Estimates are now that next year’s Hyundai and Honda FCVs will sell for about $34,000, which puts them in the range of electric vehicles such as the Nissan Leaf and the Toyota Prius. (The Tesla, a luxury car, is priced in a much higher range,) The problem then becomes fueling. The FCV offers considerable advantages over the EV in that it has a range of 300 miles, comparing favorable to gasoline vehicles. It can also be refilled in a matter of minutes, like gasoline cars, whereas recharging an EVs can take anywhere from 20 minutes to three hours.
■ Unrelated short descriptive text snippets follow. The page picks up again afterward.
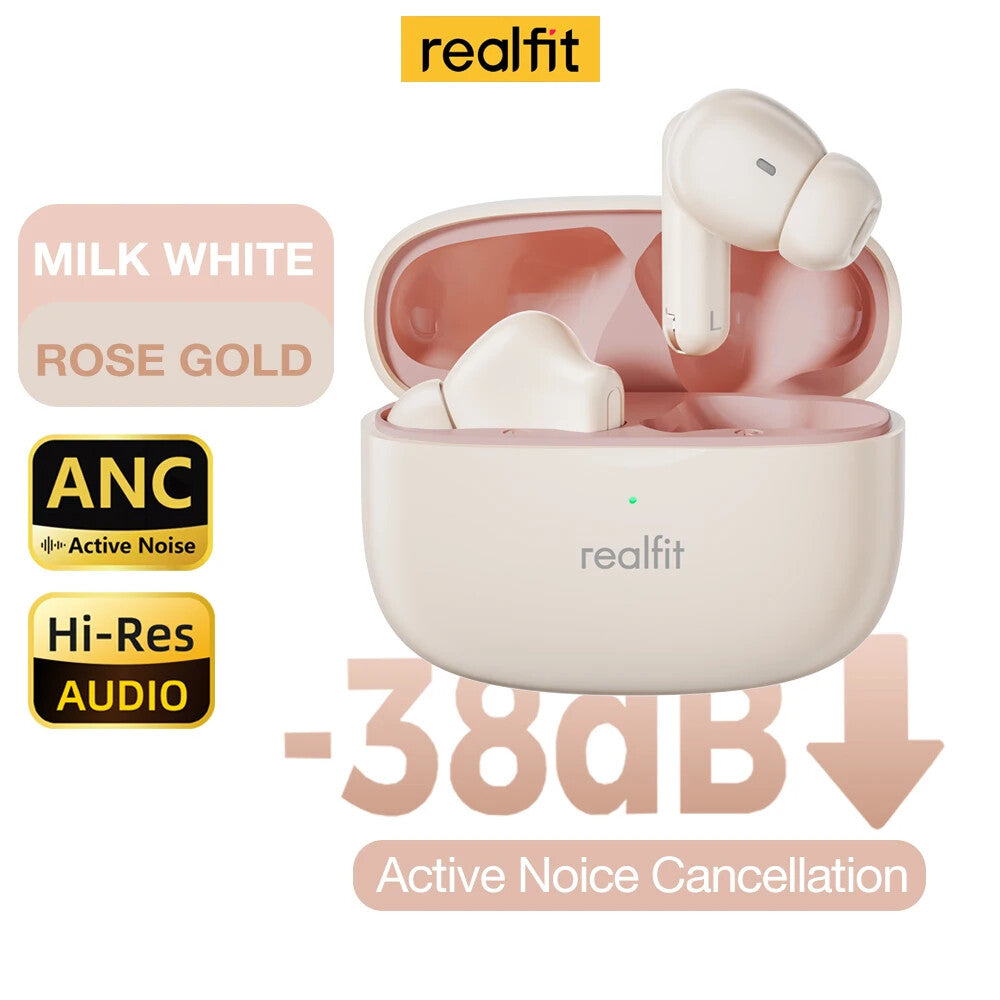 F3 ANC Active Noice Cancellation Bluetooth Earphones ENC Call HIFI Stereo Superb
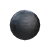 Набор из двух массажных мячей с кистевым эспандером черный
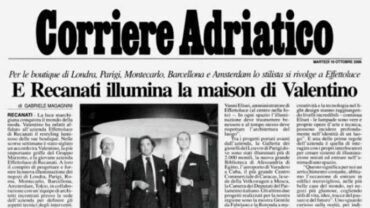 E Recanati illumina la maison di Valentino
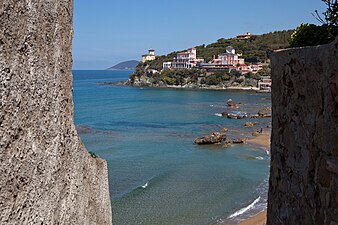 View from the staircase leading to the Quercetano Bay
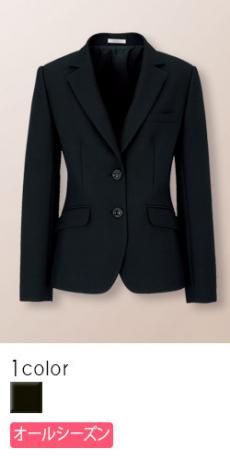 【在庫限り】[通年]<Eternal>高級感ある二つボタンのブラック・ジャケット(34-AJ0227)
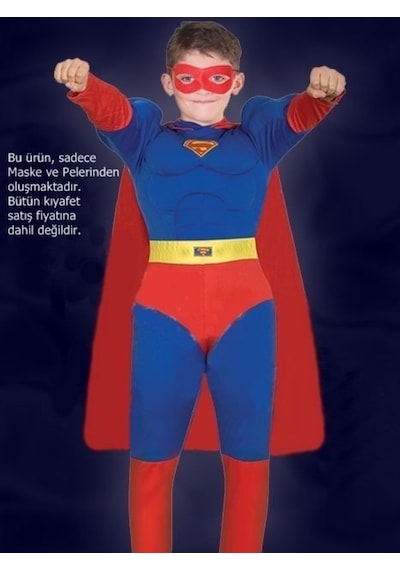 Kostümsarayı Superman Pelerini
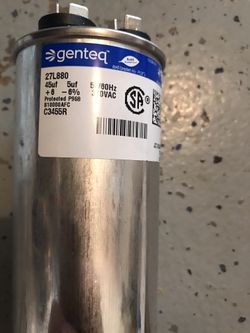 Pack of two GE Gentry Capacitor 370 Volt, 27L880 and 27L566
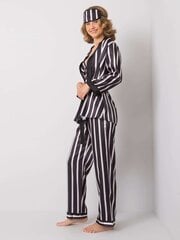 Комплект ночного белья для женщин Paski 292022128, черный цена и информация | Женские пижамы, ночнушки | pigu.lt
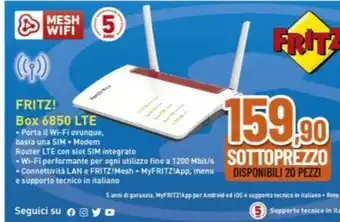 Expert FRITZ! Box 6850 LTE offerta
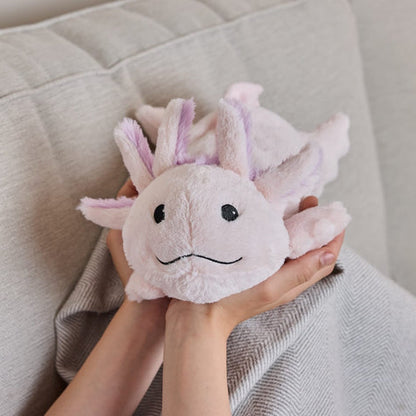Warmies  Plush Axolotl Pink Microwavable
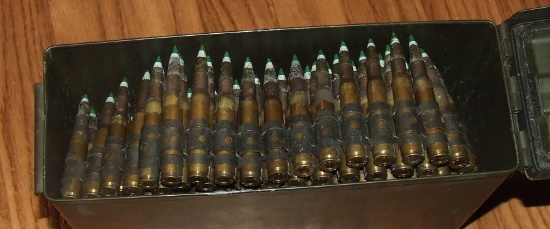 160 round belt of .30 Cal Frangible Ball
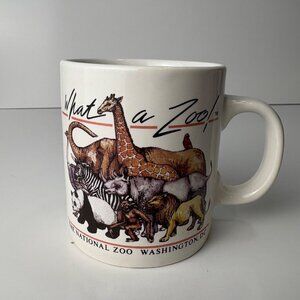 Vintage Interpur 1987 ‘What a Zoo’ National Zoo Washington DC Mug Fonz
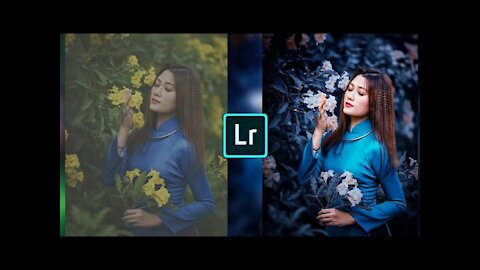 #Lightroom Tutorial #Lightroom Navy Colour Tone Effect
But hydrogen refueling stations have not materialized, despite former governor Arnold Schwarzenegger’s promise of a “hydrogen highway.” At last count there were 1,350 EV recharging stations around the country but only ten hydrogen stations, eight of them In Southern California.
All this suggests that neither hydrogen cars or electric vehicles will be sweeping the country any time soon. Neither the Chevy Volt nor the Nissan Leaf have sold well and are not expected to do much better next year. If you read the press stories carefully, you soon realize that the reason the automakers are constantly cycling back and forth between electric and hydrogen cars is that they are trying to meet California’s requirements for low-emissions vehicles that will allow them to continue selling in the state. The problem, as always, is consumer resistance.. The automakers can manufacture all the hydrogen and electric cars they want but consumers are not always going to buy them, especially at their elevated price. So the manufacturers will end up dumping them on car rental agencies where they will sit on the back lots, as did the first generation of EVs.
There is, however, one type of alternative that succeeded handsomely in California and had widespread consumer acceptance, although it is completely forgotten today. That is methanol. In 2003, California had 15,000 cars running on blends of up to 85 percent methanol. Consumers were extremely happy and did not have to be dragooned into buying them. Refueling was easy since liquid methanol slots right into our current gas stations. Cars that run on methanol can be manufactured for the same price as cars that run on gasoline.
The experiment only ended because natural gas, the main feedstock for methanol, had become too expensive. In 2003, natural gas was selling as high as $11 per mBTU, making it more expensive than gasoline. That was before the fracking revolution. Today natural gas sells for less than $4 per mBTU and the industry is coping with a glut. Methanol, which is already produced in industrial quantities, could sell for $1 less than motorists are now paying for energy equivalent in gasoline. Moreover, methanol can be made from garbage and crop wastes and a variety of other sources that would reduce it’s carbon footprint.
Hydrogen and electric cars each have a future and it is good to see the auto companies keep experimenting with them. But each has impediments that are going to be difficult to overcome. Methanol, on the other hand, is a technology that could be implemented today at a price that not require subsidies. Even if it is only perceived as a “bridge” to some more favorable, low-carbon future, it is worth pursuing now.